▸ **WORK TO BE COMPLETED**: A full and exact copy of the listing that follows is needed.

▸ **GIVEN INFORMATION**:
____
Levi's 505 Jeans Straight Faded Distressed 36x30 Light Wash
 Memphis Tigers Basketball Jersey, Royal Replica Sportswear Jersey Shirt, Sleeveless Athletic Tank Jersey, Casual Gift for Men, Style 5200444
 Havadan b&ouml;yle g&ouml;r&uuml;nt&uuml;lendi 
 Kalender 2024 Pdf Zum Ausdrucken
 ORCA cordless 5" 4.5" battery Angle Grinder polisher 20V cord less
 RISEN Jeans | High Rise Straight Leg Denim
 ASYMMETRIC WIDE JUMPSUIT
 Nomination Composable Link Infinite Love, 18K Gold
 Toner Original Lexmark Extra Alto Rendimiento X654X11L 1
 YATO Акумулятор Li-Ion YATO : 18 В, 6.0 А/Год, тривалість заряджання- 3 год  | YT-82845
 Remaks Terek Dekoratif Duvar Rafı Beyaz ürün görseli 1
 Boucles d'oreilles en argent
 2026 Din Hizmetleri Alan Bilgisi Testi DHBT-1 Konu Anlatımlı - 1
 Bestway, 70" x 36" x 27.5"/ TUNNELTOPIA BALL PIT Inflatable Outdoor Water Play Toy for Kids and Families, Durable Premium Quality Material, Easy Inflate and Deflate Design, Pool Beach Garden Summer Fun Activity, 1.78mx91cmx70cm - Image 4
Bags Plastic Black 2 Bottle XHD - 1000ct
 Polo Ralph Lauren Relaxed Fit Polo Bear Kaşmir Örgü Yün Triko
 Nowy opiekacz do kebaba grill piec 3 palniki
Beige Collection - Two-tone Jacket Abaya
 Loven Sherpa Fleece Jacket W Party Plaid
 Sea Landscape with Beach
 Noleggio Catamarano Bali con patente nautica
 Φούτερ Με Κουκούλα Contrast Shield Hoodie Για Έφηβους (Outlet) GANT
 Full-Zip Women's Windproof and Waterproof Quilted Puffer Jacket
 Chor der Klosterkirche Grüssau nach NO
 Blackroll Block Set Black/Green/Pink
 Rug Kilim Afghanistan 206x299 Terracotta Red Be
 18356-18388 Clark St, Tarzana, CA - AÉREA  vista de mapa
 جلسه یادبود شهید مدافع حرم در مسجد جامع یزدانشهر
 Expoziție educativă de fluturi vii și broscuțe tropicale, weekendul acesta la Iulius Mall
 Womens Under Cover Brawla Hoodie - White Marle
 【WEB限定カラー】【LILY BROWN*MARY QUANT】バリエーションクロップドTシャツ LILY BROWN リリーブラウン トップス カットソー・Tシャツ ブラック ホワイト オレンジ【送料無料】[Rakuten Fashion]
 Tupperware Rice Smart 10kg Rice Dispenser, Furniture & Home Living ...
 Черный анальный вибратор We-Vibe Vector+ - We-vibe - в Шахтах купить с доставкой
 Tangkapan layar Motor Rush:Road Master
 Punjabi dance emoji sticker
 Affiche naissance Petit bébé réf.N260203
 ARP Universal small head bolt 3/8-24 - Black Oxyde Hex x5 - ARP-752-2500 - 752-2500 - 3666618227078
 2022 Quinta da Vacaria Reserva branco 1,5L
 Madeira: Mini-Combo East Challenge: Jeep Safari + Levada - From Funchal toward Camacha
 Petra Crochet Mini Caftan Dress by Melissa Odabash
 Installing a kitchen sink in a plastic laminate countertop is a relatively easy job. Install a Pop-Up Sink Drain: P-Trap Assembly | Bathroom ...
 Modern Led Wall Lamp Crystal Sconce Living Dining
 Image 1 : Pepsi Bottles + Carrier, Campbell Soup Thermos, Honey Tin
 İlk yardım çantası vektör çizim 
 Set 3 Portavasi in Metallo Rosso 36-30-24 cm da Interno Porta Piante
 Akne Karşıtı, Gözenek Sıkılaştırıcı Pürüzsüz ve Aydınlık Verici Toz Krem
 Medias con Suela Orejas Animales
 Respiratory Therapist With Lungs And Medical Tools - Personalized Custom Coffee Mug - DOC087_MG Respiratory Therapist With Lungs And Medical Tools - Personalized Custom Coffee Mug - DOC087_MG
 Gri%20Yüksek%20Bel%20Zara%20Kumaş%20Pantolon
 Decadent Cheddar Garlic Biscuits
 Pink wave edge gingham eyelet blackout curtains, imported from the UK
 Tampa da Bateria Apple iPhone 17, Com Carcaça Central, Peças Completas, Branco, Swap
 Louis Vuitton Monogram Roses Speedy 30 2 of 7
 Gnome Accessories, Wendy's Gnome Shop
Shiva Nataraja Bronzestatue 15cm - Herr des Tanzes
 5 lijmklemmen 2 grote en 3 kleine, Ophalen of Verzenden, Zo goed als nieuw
____
▸ **RESULT**:
Levi's 505 Jeans Straight Faded Distressed 36x30 Light Wash
 Memphis Tigers Basketball Jersey, Royal Replica Sportswear Jersey Shirt, Sleeveless Athletic Tank Jersey, Casual Gift for Men, Style 5200444
 Havadan b&ouml;yle g&ouml;r&uuml;nt&uuml;lendi 
 Kalender 2024 Pdf Zum Ausdrucken
 ORCA cordless 5" 4.5" battery Angle Grinder polisher 20V cord less
 RISEN Jeans | High Rise Straight Leg Denim
 ASYMMETRIC WIDE JUMPSUIT
 Nomination Composable Link Infinite Love, 18K Gold
 Toner Original Lexmark Extra Alto Rendimiento X654X11L 1
 YATO Акумулятор Li-Ion YATO : 18 В, 6.0 А/Год, тривалість заряджання- 3 год  | YT-82845
 Remaks Terek Dekoratif Duvar Rafı Beyaz ürün görseli 1
 Boucles d'oreilles en argent
 2026 Din Hizmetleri Alan Bilgisi Testi DHBT-1 Konu Anlatımlı - 1
 Bestway, 70" x 36" x 27.5"/ TUNNELTOPIA BALL PIT Inflatable Outdoor Water Play Toy for Kids and Families, Durable Premium Quality Material, Easy Inflate and Deflate Design, Pool Beach Garden Summer Fun Activity, 1.78mx91cmx70cm - Image 4
Bags Plastic Black 2 Bottle XHD - 1000ct
 Polo Ralph Lauren Relaxed Fit Polo Bear Kaşmir Örgü Yün Triko
 Nowy opiekacz do kebaba grill piec 3 palniki
Beige Collection - Two-tone Jacket Abaya
 Loven Sherpa Fleece Jacket W Party Plaid
 Sea Landscape with Beach
 Noleggio Catamarano Bali con patente nautica
 Φούτερ Με Κουκούλα Contrast Shield Hoodie Για Έφηβους (Outlet) GANT
 Full-Zip Women's Windproof and Waterproof Quilted Puffer Jacket
 Chor der Klosterkirche Grüssau nach NO
 Blackroll Block Set Black/Green/Pink
 Rug Kilim Afghanistan 206x299 Terracotta Red Be
 18356-18388 Clark St, Tarzana, CA - AÉREA  vista de mapa
 جلسه یادبود شهید مدافع حرم در مسجد جامع یزدانشهر
 Expoziție educativă de fluturi vii și broscuțe tropicale, weekendul acesta la Iulius Mall
 Womens Under Cover Brawla Hoodie - White Marle
 【WEB限定カラー】【LILY BROWN*MARY QUANT】バリエーションクロップドTシャツ LILY BROWN リリーブラウン トップス カットソー・Tシャツ ブラック ホワイト オレンジ【送料無料】[Rakuten Fashion]
 Tupperware Rice Smart 10kg Rice Dispenser, Furniture & Home Living ...
 Черный анальный вибратор We-Vibe Vector+ - We-vibe - в Шахтах купить с доставкой
 Tangkapan layar Motor Rush:Road Master
 Punjabi dance emoji sticker
 Affiche naissance Petit bébé réf.N260203
 ARP Universal small head bolt 3/8-24 - Black Oxyde Hex x5 - ARP-752-2500 - 752-2500 - 3666618227078
 2022 Quinta da Vacaria Reserva branco 1,5L
 Madeira: Mini-Combo East Challenge: Jeep Safari + Levada - From Funchal toward Camacha
 Petra Crochet Mini Caftan Dress by Melissa Odabash
 Installing a kitchen sink in a plastic laminate countertop is a relatively easy job. Install a Pop-Up Sink Drain: P-Trap Assembly | Bathroom ...
 Modern Led Wall Lamp Crystal Sconce Living Dining
 Image 1 : Pepsi Bottles + Carrier, Campbell Soup Thermos, Honey Tin
 İlk yardım çantası vektör çizim 
 Set 3 Portavasi in Metallo Rosso 36-30-24 cm da Interno Porta Piante
 Akne Karşıtı, Gözenek Sıkılaştırıcı Pürüzsüz ve Aydınlık Verici Toz Krem
 Medias con Suela Orejas Animales
 Respiratory Therapist With Lungs And Medical Tools - Personalized Custom Coffee Mug - DOC087_MG Respiratory Therapist With Lungs And Medical Tools - Personalized Custom Coffee Mug - DOC087_MG
 Gri%20Yüksek%20Bel%20Zara%20Kumaş%20Pantolon
 Decadent Cheddar Garlic Biscuits
 Pink wave edge gingham eyelet blackout curtains, imported from the UK
 Tampa da Bateria Apple iPhone 17, Com Carcaça Central, Peças Completas, Branco, Swap
 Louis Vuitton Monogram Roses Speedy 30 2 of 7
 Gnome Accessories, Wendy's Gnome Shop
Shiva Nataraja Bronzestatue 15cm - Herr des Tanzes
 5 lijmklemmen 2 grote en 3 kleine, Ophalen of Verzenden, Zo goed als nieuw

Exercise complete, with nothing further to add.